Comment ne pas laisser tomber les bras quand Dieu ne répond pas ? quand il semble rester sourd à nos cris et à nos supplications ? Quand Dieu se tait ! C'est déjà une vieille histoire que celle du silence de Dieu ! Déjà, tout au long de l'Ancien Testament, les croyants s'étonnent de son mutisme. Les prières et les psaumes sont l'écho de cet étonnement : « Jusques à quand, Seigneur, nous oublieras-tu ? jusqu'à la fin ? N'entends-tu pas le cri de ceux qui te supplient ? Resteras-tu sourd à notre appel ? » Ps 12. Ou encore « Est-ce que Dieu oublie d'avoir pitié, ou de colère ferme-t-il ses entrailles » Ps.76.
Pour justifier le silence apparent de Dieu et rendre compte, malgré tout, de sa foi et de sa confiance, la tradition biblique a forgé le thème du « Jour du Seigneur » Le croyant doit rester patient et garder courage car Dieu va intervenir, sans tarder, pour établir son règne. Il va même régner sur les nations païennes et le monde entier, d'où le « jour du Seigneur » sera aussi le « jour du jugement »
Au temps de Jésus, cette question du silence de Dieu était aussi bien présente dans la pensée des juifs pieux. Beaucoup attendaient une intervention divine, qui ne semblait pas venir, beaucoup espéraient la venue d'un « messie » qui chasserait les romains et établirait un règne de Dieu ! Comme souvent, Jésus répond à cette question en racontant une histoire, une parabole, celle des démêlés d'une veuve avec un juge, peu pressé à rendre la justice.
Malgré la mauvaise volonté du juge, une faible femme obtient justice par son opiniâtreté. Dans la pensée juive, la veuve est le symbole de la faiblesse. Par sa ténacité, elle a gain de cause auprès d'un juge véreux. A plus forte raison ceux qui sont aimé de Dieu, lui qui est Juste, se feront-ils écouter dans leur prière.
Un temps de crise est donc évoqué ici. Les élus crient vers Dieu, sans comprendre le retard pris par Dieu à rendre justice. C'est donc de la part de Jésus un enseignement non seulement sur la prière mais aussi sur l'avènement du règne de Dieu.
Comme la veuve, il faut sans cesse revenir à la charge. Et puisque Dieu est bon, qu'il exauce sans tarder ses élus, le croyant ne doit pas se lasser de demander. Même s'il y a retard dans l'exaucement de la prière.

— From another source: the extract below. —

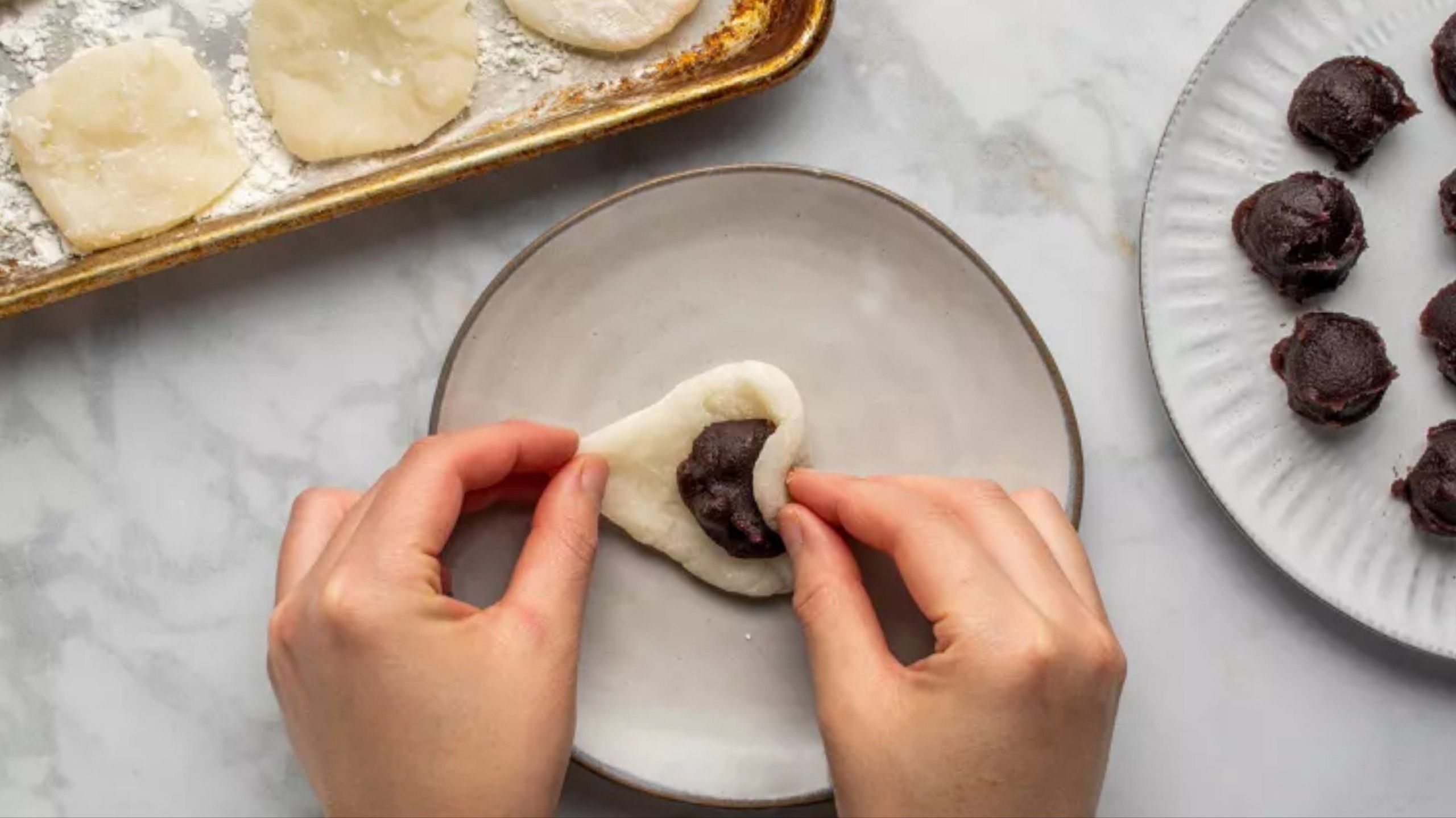 Resep Mochi Isi Kacang Merah yang Lembut dan Kenyal, Mudah Dibuat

« Il faut donc toujours prier. » C'est Jésus qui parle comme si cela allait de soi ! Mais je l'ai vu partir au jardin de Gethsémani. A l'approche de la mort, il se mit à demander : « Père, fais donc que ce supplice s'éloigne de moi » Il n'eut pas de réponse et partit vers la croix Et quand il fut pendu au bois du supplice sa prière se fit plainte : « Mon Dieu, mon Dieu, pourquoi m'as-tu abandonné ? » Il n'eut pas de réponse. Il mourut. Ainsi donc lui aussi s'est heurté au silence de Dieu. Plus tard, Luc a repris cet enseignement du Maître comme paroles d'encouragement à sa communauté chrétienne, ne comprenant pas que l'attente du retour du Seigneur soit si longue. Si, au bout d'un certain temps la veuve a réussi à se faire entendre par le juge malhonnête, à plus forte raison les croyants persécutés se feront-ils entendre, sans tarder, par le Père qui les aime. Il voulait par là ranimer l'espérance des chrétiens, malgré le silence apparent de Dieu. Le fidèle doit inclure dans sa prière l'acceptation du délai que Dieu s'octroie. Même s'il se heurte au silence divin, le disciple attend le Seigneur dans la foi. Alors, aujourd'hui je me suis souvenu de Moïse qui priait, au haut de la colline, les mains levées au ciel, pour avoir la victoire. Quand il levait les mains son peuple était le plus fort et quand il les baissait, ses ennemis l'emportaient. Mais, avec la fatigue, ses mains s'alourdissaient. Alors ses compagnons lui soutinrent les bras jusqu'à la fin du jour.
Et je me suis dit que, dans la prière, on ne peut parvenir à persévérer seul. Mais qu'ensemble, qu'en communauté, qu'en Eglise on peut se soutenir mutuellement les bras, pour les élever vers le Père jusqu'à ce qu'il nous aide.